では、どうすればアフォーダンスがわかるのか。これは、遊んだ者勝ちです。色々な場面を経験して、アフォーダンスを注意深く見ている人。人を集めることをしたい場合は、人を集める幹事を100回以上経験してわかるようになる。経験値と好奇心次第です。理想を実現するためにはどのようなアフォーダンスを想定して、どのような戦略を立てれば良いかを見出す。その訓練を今のうちに積むと良いと思います。
成り立たないものを成り立たせること
コミュニティカフェを企画していくにあたっては、目的を明確にすることが重要になってきます。高齢者の孤独死問題を解決することがミッションなのか、それとも仲間同士で地域に開いた関係性づくりをやっていきたいのか。事業として成立させていくことが本当に必要なのか。なんとなく「いい風景」を追って終わらないように戦略をきちんと練ってみてください。

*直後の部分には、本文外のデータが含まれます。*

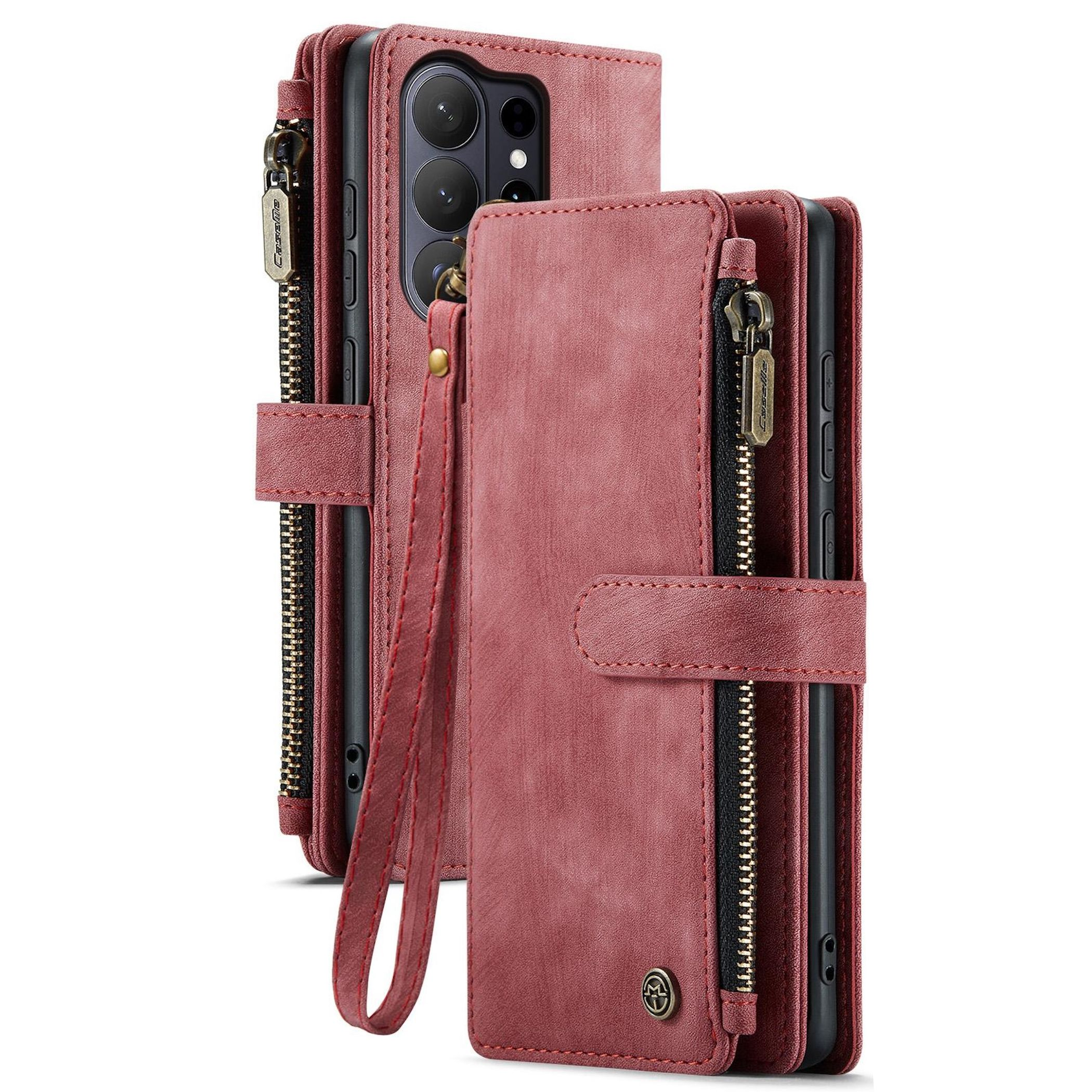 Rote Handyhülle mit Reißverschluss und Brieftaschenfunktion.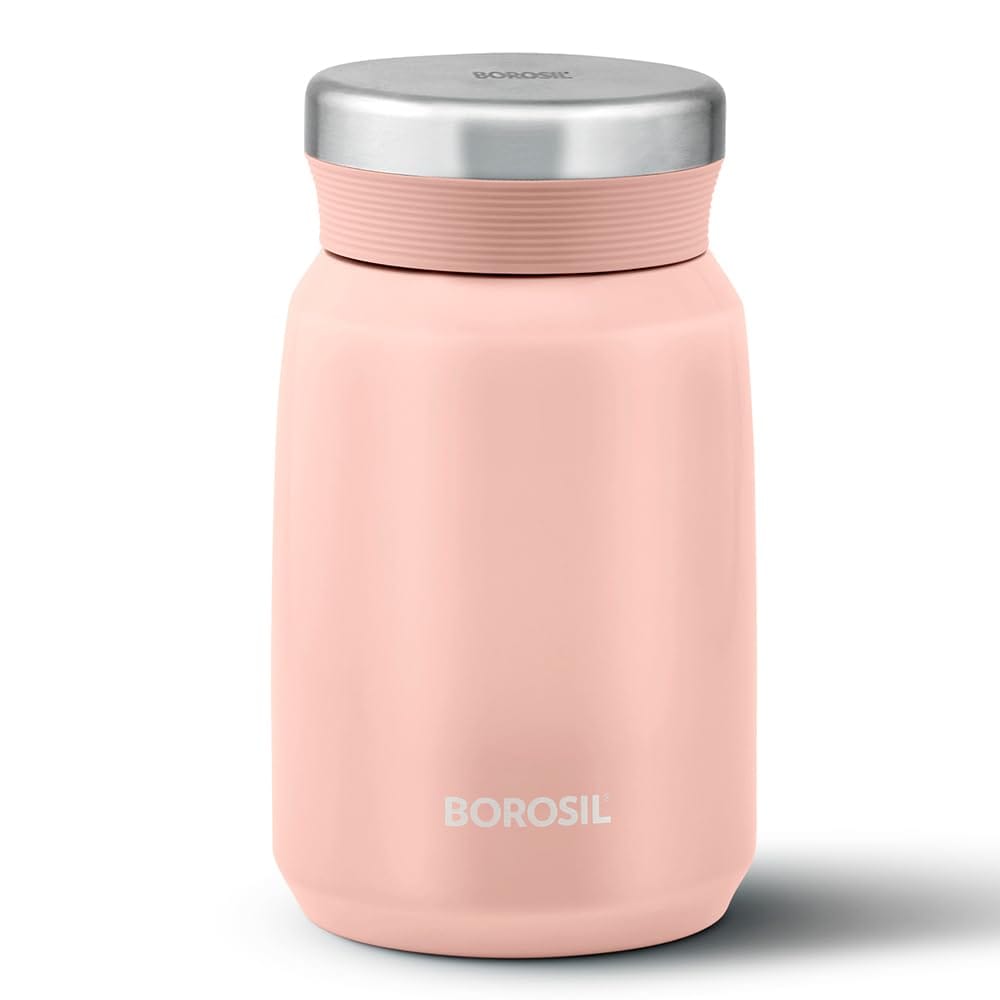 Borosil CarryMate 500ml Stainless Steel Jar with Lid | 12 hrs Hot & 13 hrs Cold | Double Wall Vacuum Insulated Food & Soup Flask | Pink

「あったらいいな」「○○が欲しい」というのは大切な動機です。しかし街行く人に何が欲しいか聞いてカフェと本屋」と回答されたところで実際にそれが機能するかは別問題です。「これが本当に欲しかった!」というものが喜ばれます。そこからさらに「つい行ってしまう」という状態に誘導していけるかどうかにかかっています。人を誘導する仕掛けを裏に作れるよう、頑張ってください。
質疑応答の時間
Q:アフォーダンスを考えるのに経験と知識どちらが大事になってくるでしょうか。
林さん:ボキャブラリーや持ち札、アイディアは沢山会ったほうが良い。たくさん持っている状態で現場を見にいけば更に高度なアイディアも考えられます。どれくらいお金がかかるか、などリアルなことも考えられるので両方あったほうがよいですね。妄想する力、アイディアの札を持っておくことも大事だし、実現するためのロジックも大事です。
Q:賃貸のほうが分譲よりもリノベーションすることが難しいという話でしたが、何かアドバイスありませんか。
林さん:僕らは現状復帰する約束をしつつ、良い面は残すという契約をして進めます。特殊なマーケットなので、自分たちはトラブルになることはありません。「楽しいことに人は乗る」、これは論理を越えますね。高架下の例も、弊害は多いが社内で乗る人間がいて進みました。マンションだと若者だけでなく60歳以上の方々の生活の実態を握ったうえで進めることが重要なのではないでしょうか。
東京R不動産をはじめとする取り組みの経験から、U26メンバーにリノベーションのキモや、不動産をめぐる企画の考え方を教えてくださった林さん。今年度のU26プロジェクトのアドバイザーでもある林さんは、今後の企画のフィードバックにも参加してくださいます。
具体的に企画が進行していくなかで、U26メンバーと林さんのあいだでどのようなやり取りが交わされるのでしょうか。今後のU26メンバーの活動にも乞うご期待ください。